In a recent study published in the journal npj Precision Oncology, researchers conducted a systematic review to examine the accuracy of deep learning (DL) in diagnosing breast cancer using ultrasound (US) compared to human readers in clinical settings.
They found that there isn’t enough evidence to determine whether DL performs better than human readers or increases the accuracy of diagnostic breast US in clinical settings.
Study: Diagnostic performance of deep learning in ultrasound diagnosis of breast cancer: a systematic review. Image Credit: Gorodenkoff/Shutterstock.com
Background
Breast cancer, the most prevalent cancer globally, caused 685,000 deaths in 2020. Early and accurate diagnosis is crucial.
The US serves as a low-cost, radiation-free, and effective diagnostic tool, especially in cases with dense breast tissues or occult lesions, offering guidance for biopsy procedures. However, its diagnostic efficacy and reproducibility are hindered by operator-dependent factors.
DL is a potent artificial intelligence technology shown to perform well in image-related tasks, enhancing the efficiency and accuracy of medical imaging workflows, especially in the diagnosis of diseases such as cancer.
Recent reports suggest that DL-based analysis of breast US may be equivalent to or surpass human radiologists, but its clinical application remains debated.
Therefore, researchers in the present review focused on the general diagnostic performance of DL in breast US, comparing standalone DL systems to radiologists and assessing the assistive role of DL alongside human readers.
About the study
In the present study, a database search followed by the application of stringent inclusion and exclusion criteria ultimately yielded 16 studies involving 9,238 women from various countries.
These studies were selected based on the PICO (short for population, intervention, comparison, outcome) framework and used DL convolutional neural networks, with 14 of them employing commercial DL systems.
Most of the included studies were in a diagnostic setting, and pathology served as the gold standard in all of them. The study quality was assessed using tailored versions of Quality for Assessment of Diagnostic Studies-2 (QUADAS-2) and QUADAS-C tools.
DL could be used as a standalone tool or may be employed to assist radiologists with the aim of enhancing diagnostic capabilities.
Four studies assessed DL as standalone, two as assistive, and ten explored both roles. Human readers with different clinical experience levels in breast ultrasound were recruited to evaluate DL performance.
Results and discussion
In 14 studies evaluating DL as a standalone system in breast-US, comparisons were made with human readers. While one study found that DL had a lower area under the curve (AUC) than human readers, two showed equivalent AUC, and one reported higher AUC for DL.
DL demonstrated greater AUC over less experienced human readers but was comparable to experienced readers in three studies. Regarding accuracy, DL outperformed all human readers in two studies and outperformed less experienced readers but was found to be comparable to experienced readers in another study.

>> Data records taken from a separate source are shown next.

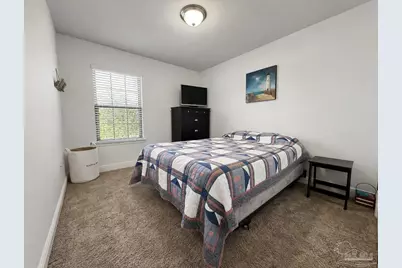 8732 Brown Pelican Cir, Navarre, FL 32566 - Photo 16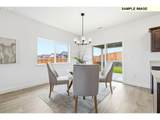 873 Kinsley Ave - Photo 14
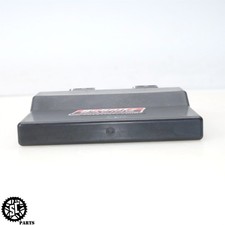 Motorcycle CDIs & ECUs for Kawasaki Ninja ZX6 for sale | eBay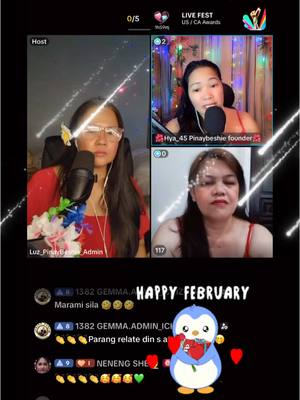 A post by @hya_45 on TikTok caption: #pinaybeshie#itikitik🦆#fypシ     #geluhya😛#hyaluz👭#hya45     #pinaymomover50inflorida🇵🇭     #pangga👩‍❤️‍👩#grandmamendy        #emoteraqueen713#hawaii 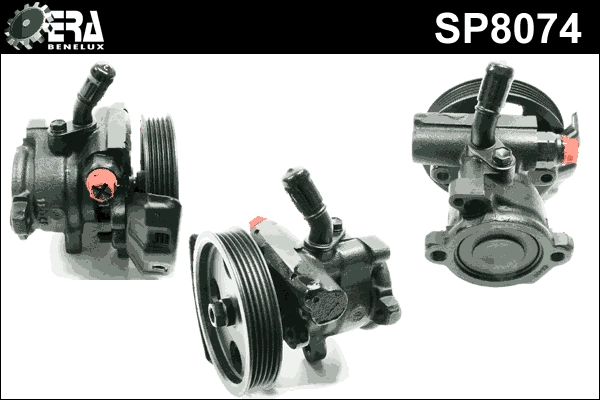 SP8074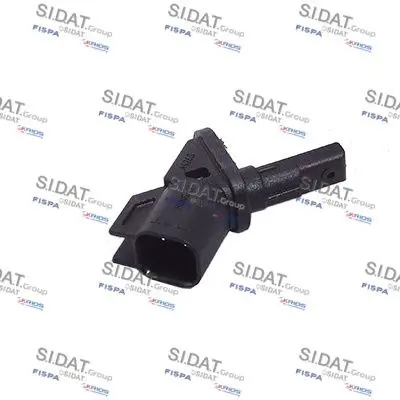 Handler.Part Sensor, wheel speed SIDAT 841016 1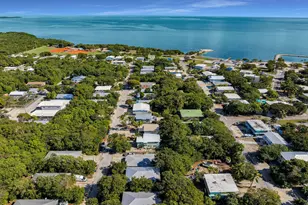 139 Atlantic Ave, Key Largo, FL 33070 - Photo 45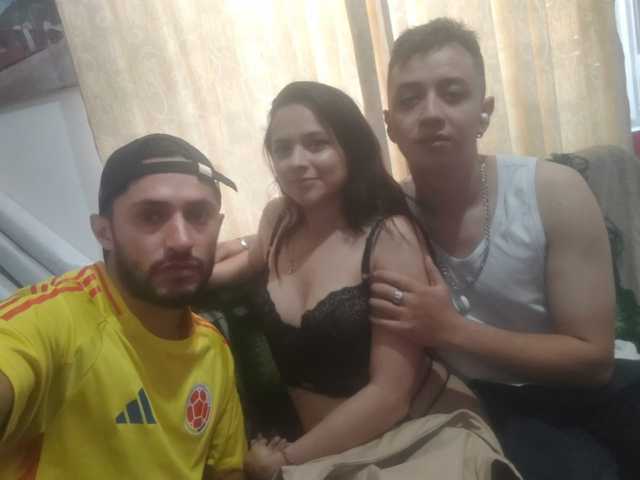 个人资料的照片 littlepornstars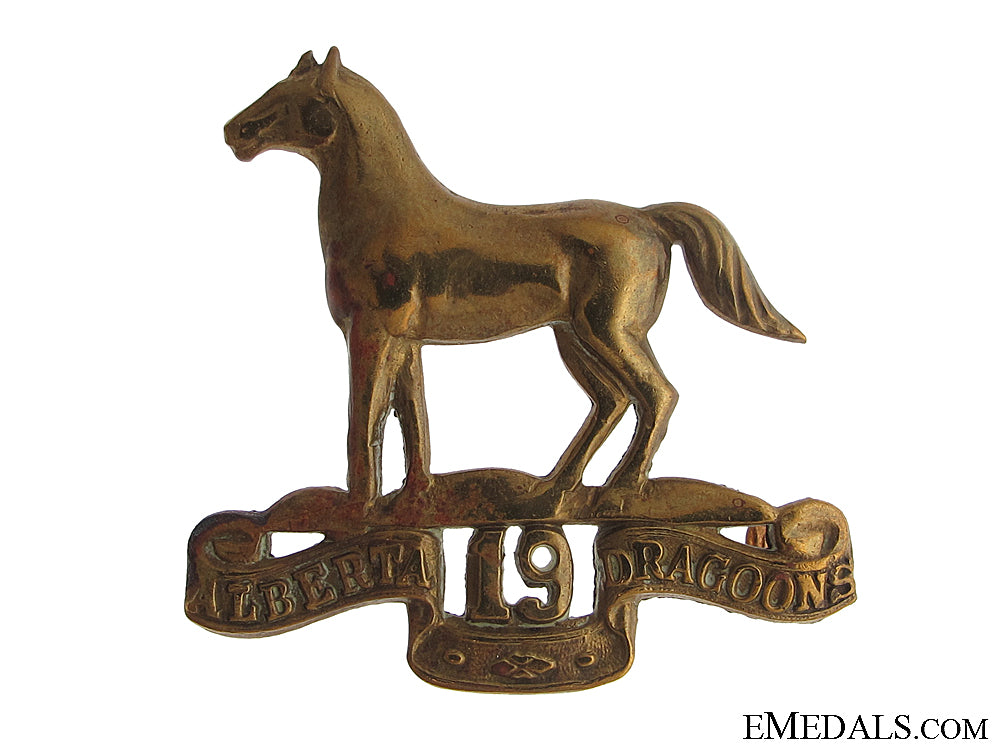 19_th_alberta_dragoons_cap_badge_19th_alberta_dra_517ed910b520a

DL showed lower sensitivity than human readers in five studies and higher specificity in five studies, with varied results in the remaining studies.
In 12 studies evaluating assistive DL systems in breast-US, three reported improved AUC when combined with human readers. One study showed AUC comparable to human readers. For less experienced human readers, assistive DL systems had higher AUC but no positive impact on experienced readers.

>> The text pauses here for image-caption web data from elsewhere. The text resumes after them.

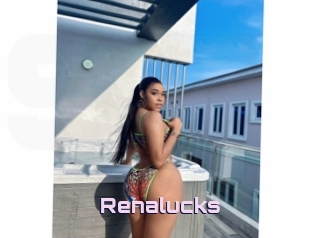 Renalucks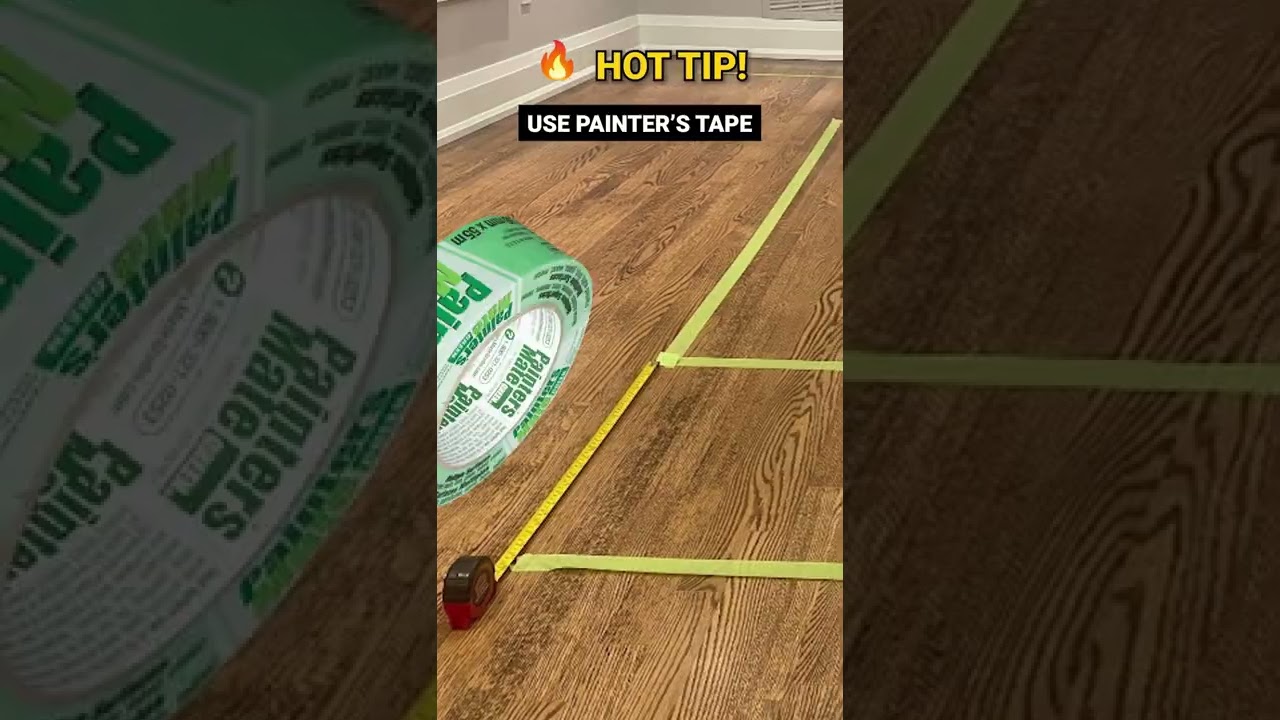 What Size Should Your Living Room Rug Be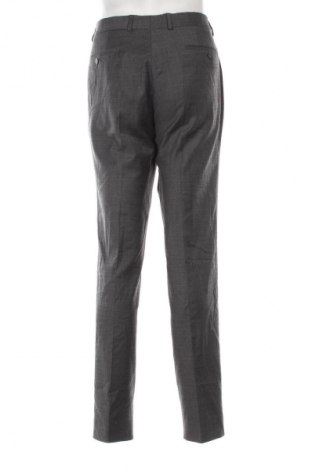 Herrenhose Daniel Hechter, Größe L, Farbe Mehrfarbig, Preis € 14,99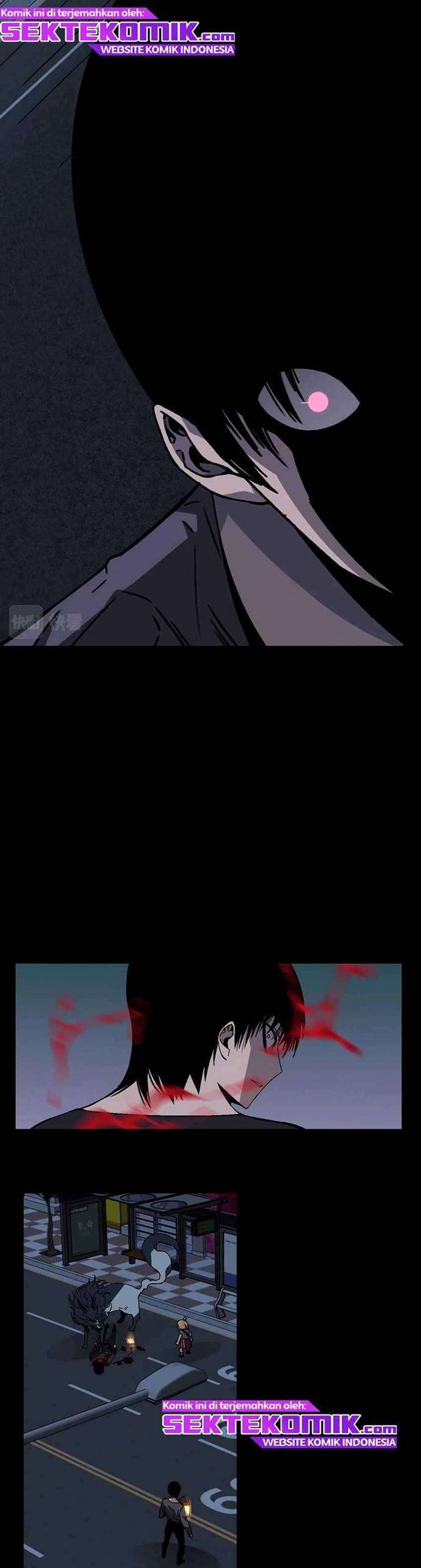 image-komik-i-copy-talents-chapter-2-32/36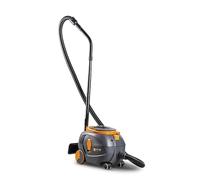 Taski 7524249 Aero 8 Plus - Aspiratore per caldaia con accessori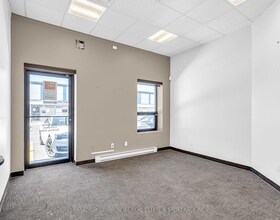 2710 Lancaster Road, Ottawa, ON , MLS #X12775804 , Image - 1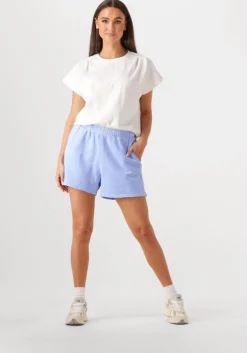 witte minus t-shirt sevira t-shirt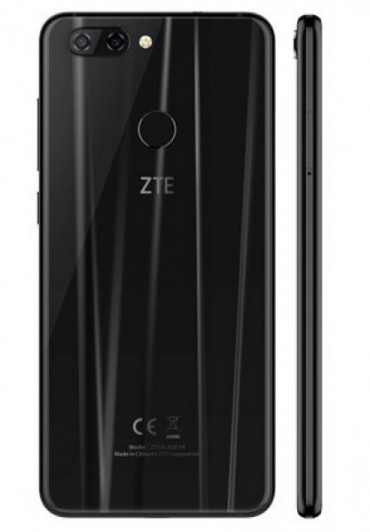 Blade V9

During accuracy testing, assistive DL systems showed higher accuracy than human readers in three studies. However, no improvement in overall sensitivity was observed when combining DL with human readers.
Elevated specificity was seen in human readers in seven studies using assistive DL systems, with variations in impact on specificity for experienced and less experienced readers.
During the quality assessment, the studies included in the present review demonstrated a high risk of bias across various domains. Most studies showed a high bias in patient selection due to cancer prevalence significantly exceeding real-world scenarios.
Additionally, the study designs did not fully replicate clinical pathways, as DL systems were used for reading images but were not integrated into final clinical decisions. Testing pathways of human readers lacked access to patient clinical information, and reference standards varied among the studies.
Notably, some studies had a short follow-up time for women with negative tests, potentially impacting the assessment of missed cancers and overall diagnostic accuracy.
Conclusion
In conclusion, this comprehensive review assessing the diagnostic performance of DL systems in breast-US revealed substantial variability in outcomes.
While DL systems demonstrated potential specificity advantages, no consensus emerged on AUC, accuracy, or sensitivity, whether used standalone or as human reader aids.
Concerns were raised about biases, study heterogeneity, and limitations in generalizability, particularly in Asian-centric studies. The review emphasizes the need for standardized DL research guidelines, consistent benchmarks, and multicenter trials to ensure reproducibility and clinical applicability.
The current evidence does not support broad clinical recommendations for DL systems in breast-US, calling for further research and development in the field.